Clinical Evidence on Vitamin E and Cardiovascular Diseases

A number of large trials have also explored the effect of vitamin E supplementation on the outcome of CVD with variable results.

Supportive Studies

·        Cambridge Heart Antioxidant Study (CHAOS, 1996):

o   Discovered that vitamin E (400 800 IU/day) decreased non-fatal myocardial infarction by a factor of 77 percent.

o   Nonetheless, there was no notable outcome on total mortality.

·        Women’s Health Study (WHS, 2005):

o   Documented a 24 percent decrease in cardiovascular mortalities in women above 45 years who were taking vitamin E supplements.

·        Secondary Prevention Studies:

o   According to some meta-analyses, vitamin E is potentially useful with high-risk groups (diabetics, smokers, elderly) by lowering the oxidative stress.

 

Contradictory or Neutral Studies

·        Heart Outcomes Prevention Evaluation (HOPE, 2000):

o   Vitamin E (400 IU/day) did not reduce the major cardiovascular events in high-risk patients significantly.

·        GISSI-Prevenzione Trial (1999):

o   Did not find any cardiovascular advantage of vitamin E in patients with post-MI.

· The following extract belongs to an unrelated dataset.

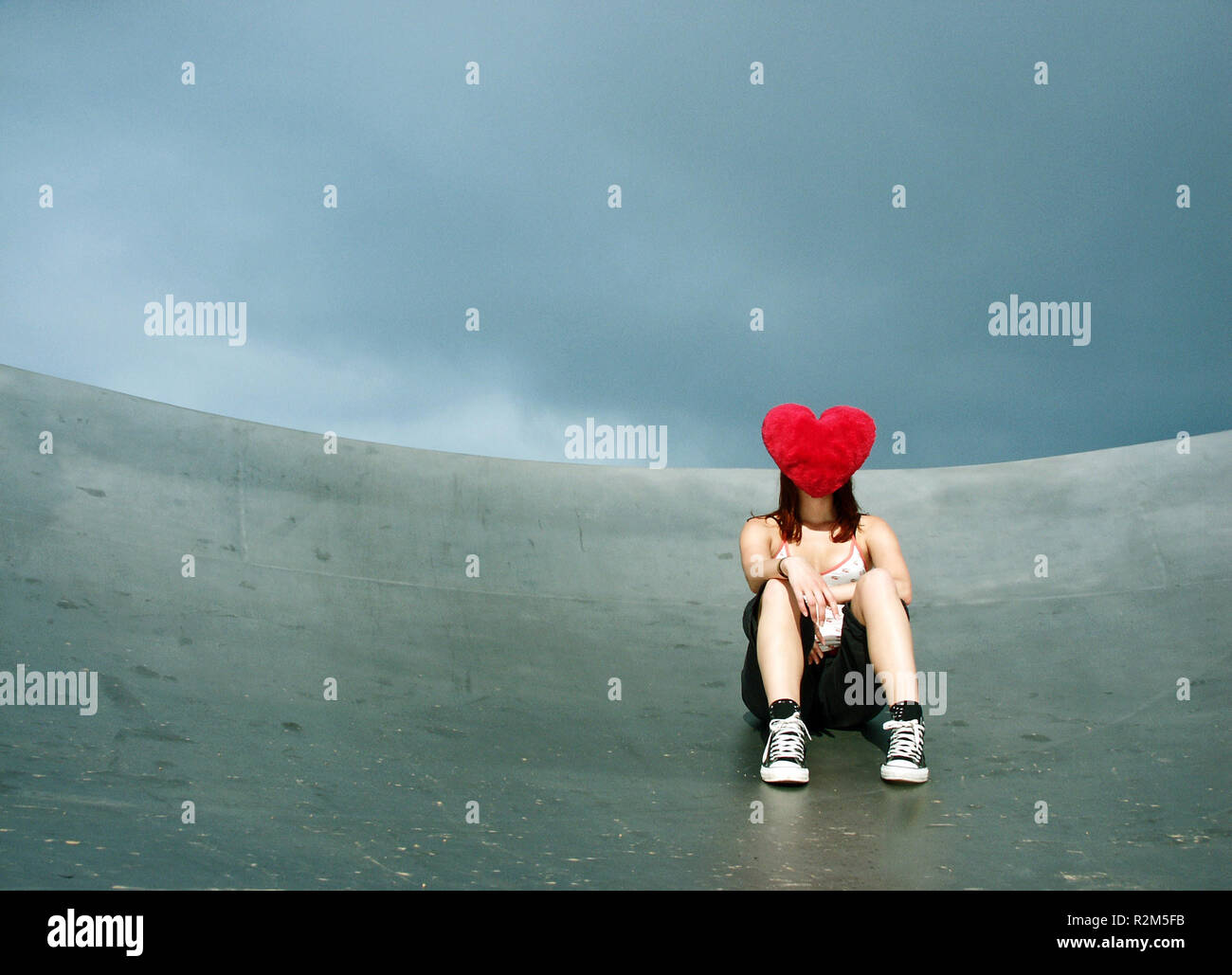 Love is blind Stockfotos und bilder Kaufen Alamy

·        SELECT Trial (2011):

o   The supplement (400 IU/day) of vitamin E had no effect on preventing prostate cancer or CVD and had the additional effect of increasing hemorrhagic stroke by a small amount.

 

Possible Reasons for Discrepancies

·        Variation in dosage: When used in high doses it can be pro-oxidant.

·        Population Differences: The benefits may be more in individuals who have an increased oxidative stress (e.g. diabetics).

·        Vitamin E form: 75 percent of trials were with 3-tocopherol; 3-tocopherol and tocotrienol supplements have some extra perks.

 

Potential Risks and Limitations of Vitamin E Supplementation

Vitamin E is otherwise safe but too much of it (more than 1,000 IU/day) can be dangerous:

·        Risk of increased Bleeding: high doses have the ability to inhibit platelet aggregation, which increases risk of hemorrhage.

·        Pro-Oxidant Effects: At extremely high doses, the substance can actually reify the oxidative harm.

·        Drug Interactions: Can interact with anticoagulants (warfarin) and statins.

·        Mixed Results on Meta-Analyses: Other studies depict no substantial CVD benefits, and it is questionable whether to be widely supplemented.

 

Recommendations for Vitamin E Intake in Cardiovascular Health

Considering the contradictory evidence, it is possible to make the following recommendations:

·        Preferred Dietary Intake: Vitamin E should be derived naturally, in food, and not supplements.

·        Risk Population Supplementation: Diabetics and smokers as well as individuals with proven deficiencies may be supplemented under medical supervision.

·        Do not take Mega-Doses: Take only the recommended daily allowance (RDA: 15 mg/day in adults).

·        Combination Therapy: Vitamin E might be more effective in combination with other antioxidants (vitamin C, selenium).

 

Conclusion

Vitamin E has a potential of cardiovascular protection because of its anti-oxidant, anti-inflammatory and endothelial-enhancing activities. But the clinical trials have had mixed results and it is possible that its advantages are dose-dependent, population-specific, and health-condition dependent. Although dietary vitamin E is good, supplementation without regard is not advised everywhere. It should be determined how various forms of vitamin E work synergistically and how those can be used in an individual approach to cardiovascular prevention in the future.

In the meantime, the most sensible strategy in limiting the risk of cardiovascular complications is a diet high in natural forms of vitamin E, along with heart-friendly lifestyle.